Output from a run of the crawler:

2015-01-16 22:15:14+0530 [scrapy] INFO: Scrapy 0.24.4 started (bot: soccerstats)
2015-01-16 22:15:14+0530 [scrapy] INFO: Optional features available: ssl, http11, boto
2015-01-16 22:15:14+0530 [scrapy] INFO: Overridden settings: {'NEWSPIDER_MODULE': 'soccerstats.spiders', 'FEED_URI': 'ratings.json', 'LOG_LEVEL': 'INFO', 'CONCURRENT_REQUESTS_PER_DOMAIN': 16, 'CONCURRENT_REQUESTS': 32, 'SPIDER_MODULES': ['soccerstats.spiders'], 'BOT_NAME': 'soccerstats', 'CONCURRENT_ITEMS': 200, 'ROBOTSTXT_OBEY': True, 'COOKIES_ENABLED': False, 'USER_AGENT': 'Anuvrat Singh (+http://singhanuvrat.com)', 'FEED_FORMAT': 'json', 'LOG_FILE': 'application.log'}
2015-01-16 22:15:14+0530 [scrapy] INFO: Enabled extensions: FeedExporter, LogStats, TelnetConsole, CloseSpider, WebService, CoreStats, SpiderState
2015-01-16 22:15:14+0530 [scrapy] INFO: Enabled downloader middlewares: RobotsTxtMiddleware, HttpAuthMiddleware, DownloadTimeoutMiddleware, UserAgentMiddleware, RetryMiddleware, DefaultHeadersMiddleware, MetaRefreshMiddleware, HttpCompressionMiddleware, RedirectMiddleware, ChunkedTransferMiddleware, DownloaderStats
2015-01-16 22:15:14+0530 [scrapy] INFO: Enabled spider middlewares: HttpErrorMiddleware, OffsiteMiddleware, RefererMiddleware, UrlLengthMiddleware, DepthMiddleware
2015-01-16 22:15:14+0530 [scrapy] INFO: Enabled item pipelines: 
2015-01-16 22:15:14+0530 [WhoScored] INFO: Spider opened
2015-01-16 22:15:14+0530 [WhoScored] INFO: Crawled 0 pages (at 0 pages/min), scraped 0 items (at 0 items/min)
2015-01-16 22:16:14+0530 [WhoScored] INFO: Crawled 136 pages (at 136 pages/min), scraped 103 items (at 103 items/min)

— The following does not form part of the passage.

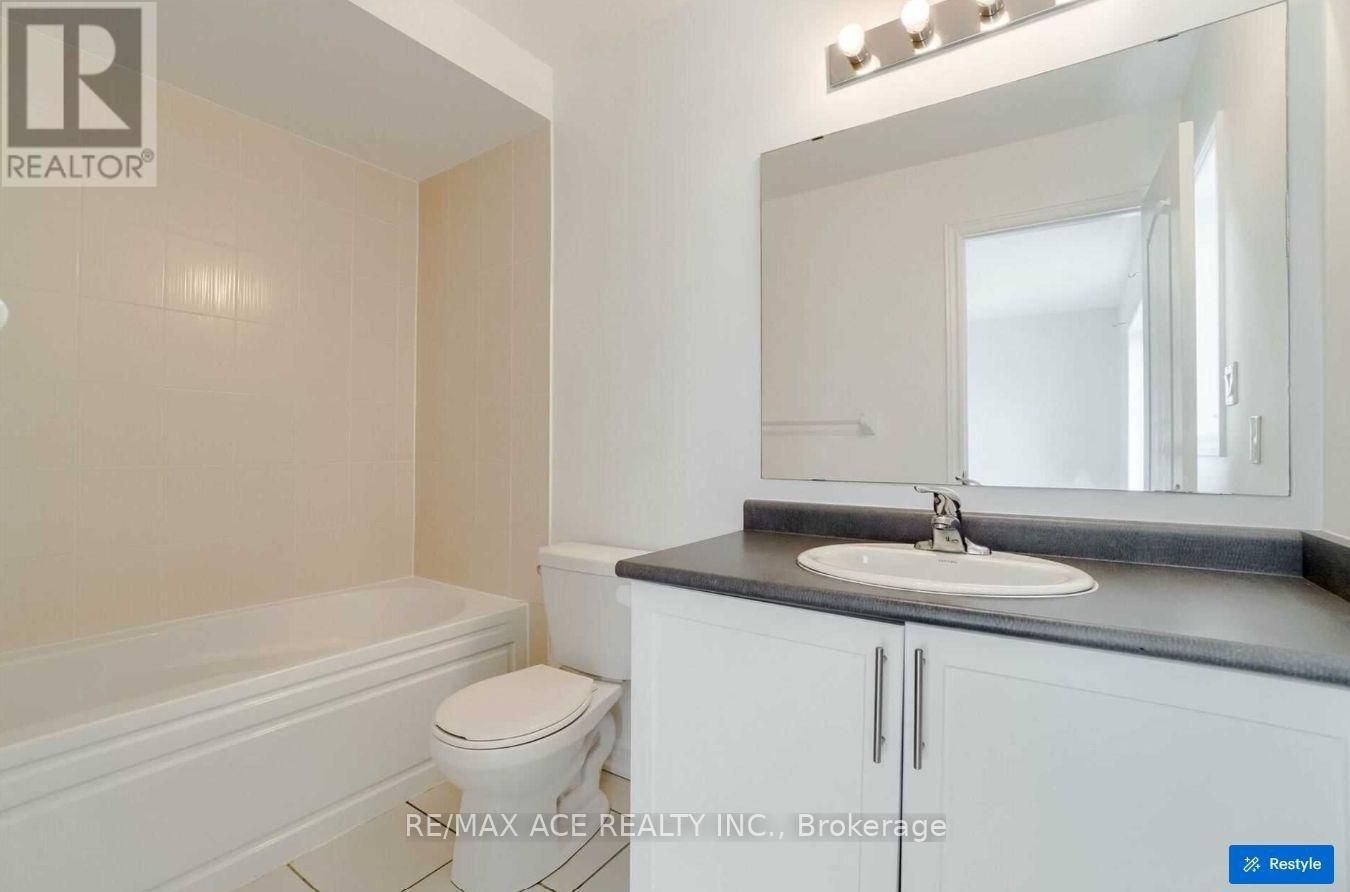 11 Waterstone Way, Whitby (Williamsburg), Ontario  L1N 0M3 - Photo 27 - E13809146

2015-01-16 22:17:14+0530 [WhoScored] INFO: Crawled 258 pages (at 122 pages/min), scraped 224 items (at 121 items/min)
2015-01-16 22:18:14+0530 [WhoScored] INFO: Crawled 387 pages (at 129 pages/min), scraped 354 items (at 130 items/min)
2015-01-16 22:19:14+0530 [WhoScored] INFO: Crawled 513 pages (at 126 pages/min), scraped 478 items (at 124 items/min)

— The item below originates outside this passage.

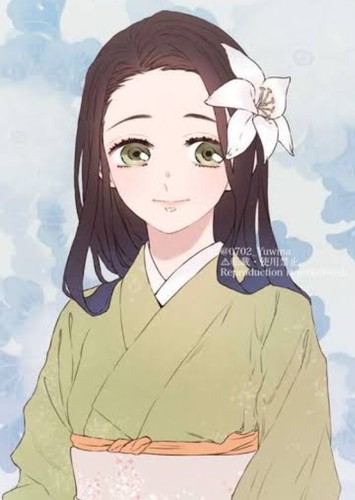 Kotoha Hashibara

2015-01-16 22:20:14+0530 [WhoScored] INFO: Crawled 638 pages (at 125 pages/min), scraped 605 items (at 127 items/min)
2015-01-16 22:21:14+0530 [WhoScored] INFO: Crawled 783 pages (at 145 pages/min), scraped 730 items (at 125 items/min)
2015-01-16 22:22:14+0530 [WhoScored] INFO: Crawled 920 pages (at 137 pages/min), scraped 867 items (at 137 items/min)

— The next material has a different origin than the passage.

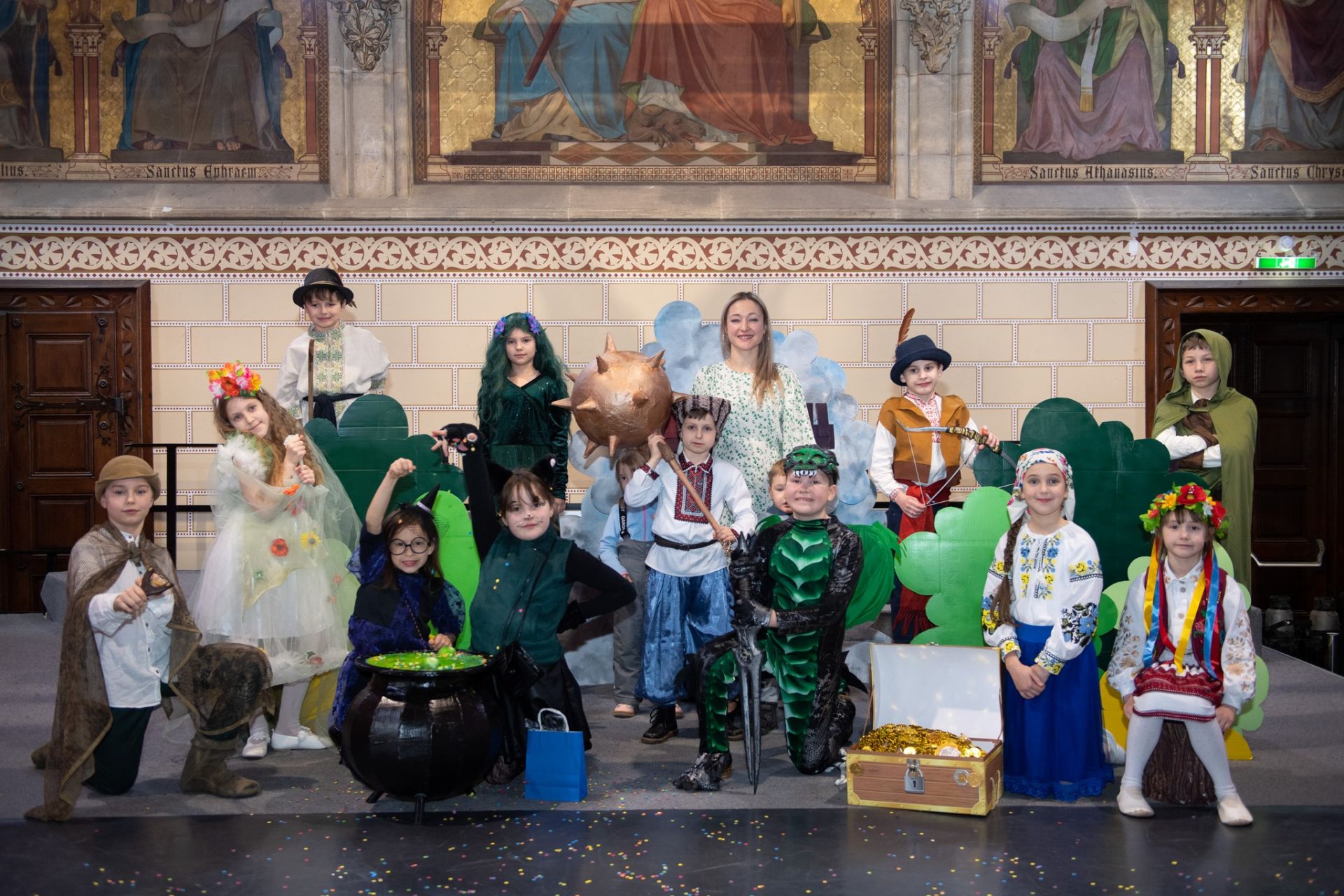 628102849 1472088581584390 2068043266210084772 n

2015-01-16 22:23:14+0530 [WhoScored] INFO: Crawled 1059 pages (at 139 pages/min), scraped 1006 items (at 139 items/min)
2015-01-16 22:24:14+0530 [WhoScored] INFO: Crawled 1280 pages (at 221 pages/min), scraped 1122 items (at 116 items/min)
2015-01-16 22:25:14+0530 [WhoScored] INFO: Crawled 1392 pages (at 112 pages/min), scraped 1234 items (at 112 items/min)
2015-01-16 22:26:14+0530 [WhoScored] INFO: Crawled 1537 pages (at 145 pages/min), scraped 1379 items (at 145 items/min)
2015-01-16 22:26:51+0530 [WhoScored] INFO: Closing spider (finished)
2015-01-16 22:26:51+0530 [WhoScored] INFO: Stored json feed (1432 items) in: ratings.json
2015-01-16 22:26:51+0530 [WhoScored] INFO: Dumping Scrapy stats:
    {'downloader/request_bytes': 623577,
     'downloader/request_count': 1880,
     'downloader/request_method_count/GET': 1880,
     'downloader/response_bytes': 310691128,
     'downloader/response_count': 1880,
     'downloader/response_status_count/200': 1702,
     'downloader/response_status_count/403': 178,
     'finish_reason': 'finished',
     'finish_time': datetime.datetime(2015, 1, 16, 16, 56, 51, 113574),
     'item_scraped_count': 1432,
     'log_count/INFO': 19,
     'request_depth_max': 1,
     'response_received_count': 1880,
     'scheduler/dequeued': 1879,
     'scheduler/dequeued/memory': 1879,
     'scheduler/enqueued': 1879,
     'scheduler/enqueued/memory': 1879,
     'start_time': datetime.datetime(2015, 1, 16, 16, 45, 14, 402884)}
2015-01-16 22:26:51+0530 [WhoScored] INFO: Spider closed (finished)

I want to add here that if WhoScored.com were to change their page and move things around then the only classes we would need to check would be the WhoScoredLinkExtractor and WhoScoredSpider. On the other hand, if we want to add a new crawler, we just need to define the new link extractor and spider. Everything else is taken care of by Scrapy.